2. How to use this guide and get a search for maps started

A search for records of any kind, including maps, at The National Archives usually begins in our online catalogue. The following sections of this guide provide links to key record series that you can search within our catalogue, helping you to target your searches more precisely. By clicking on the series links (for example, WO 300) you will arrive on the respective ‘series description’ pages from where you can search the series, using dates/years and keywords such as:

  • place name
  • the name of a battle or operation
  • the name of a regiment or other army unit

It’s usually worth including the phrase AND (map OR plan) after the other words that you are searching with. In some cases, the best way to search for maps is by map sheet number. You may need to use an index map to identify sheet numbers. Where index maps exist, we have flagged this in the guide.

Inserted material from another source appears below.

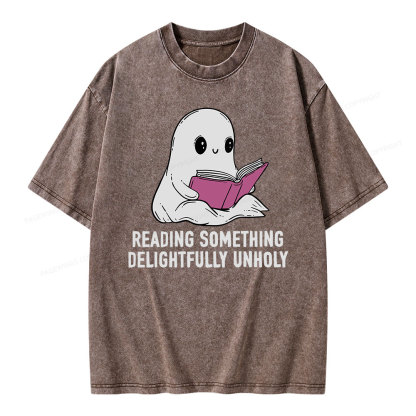 Pagewings reading something delightfully unholy Unisex Washed T-shirt
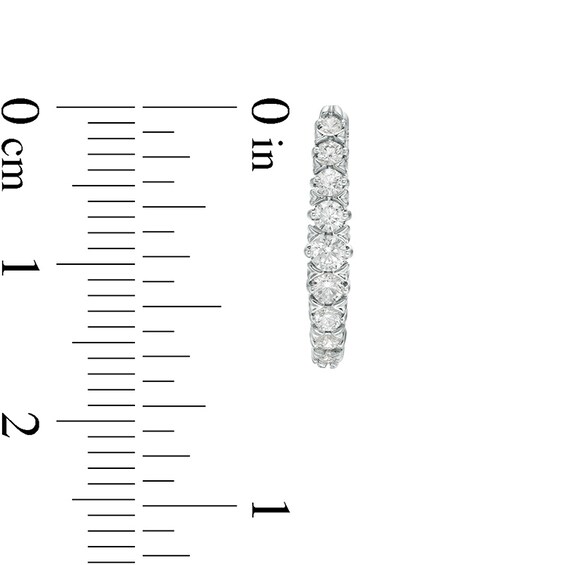 Previously Owned - 1/2 CT. T.W. Diamond Oval Hoop Earrings in 10K White Gold Previously Owned - 1/2 CT. T.W. Diamond Oval Hoop Earrings in 10K White Gold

There are some record series made up solely of First World War maps (see ‘Main map collections’ section) and these tend to be easier to find. However, there are also lots of military maps within wider record series, containing, for example, all kinds of operational records, and many of the maps in these kinds of series have not been identified in the catalogue description.

Use the advanced catalogue search to restrict your search results to all the records of a specific government department, including its predecessors (for example, the War Office).  Use the department reference, which is always a letter code, to do this (the code for the War Office is WO).

Catalogue search results provide short descriptions of our records and a document reference for each one – you will need the document references to see the maps themselves. Very few of the maps covered in this guide are available to view online so to see them you will have to either visit us in Kew or order copies.

3. Main map collections of the First World War

The record series WO 153 contains maps showing the progress of the war in various parts of the world. Many of these are printed maps with manuscript annotations.

Most of these maps are bound portfolios, not individual sheets. Try searching by one of the following:

  • theatre of war (for instance, “East Africa”)
  • name of major operation or battle (for instance, “Vimy Ridge”)
  • number of army or corps (for instance, “Third Army” or “XIV Corps”)

Restrict your search by date to the relevant year or years.

We also have separate accumulations of maps for the following individual theatres of war:

Most of these maps are individual sheets. Try searching our catalogue by sheet number or place name. Restrict your search by date to the relevant year or years.

Alternatively, browse the relevant sections of the catalogue using the ‘browse by hierarchy’ option.

For guidance on searching for trench maps of the Western Front by sheet number, see the separate section below.

4. First World War maps within war diaries

Many war diaries in WO 95 include printed or hand-drawn maps and plans to illustrate the text. These maps and plans are not noted individually in the catalogue.

For guidance on searching for war diaries, please see our guide to British Army Operations in the First World War.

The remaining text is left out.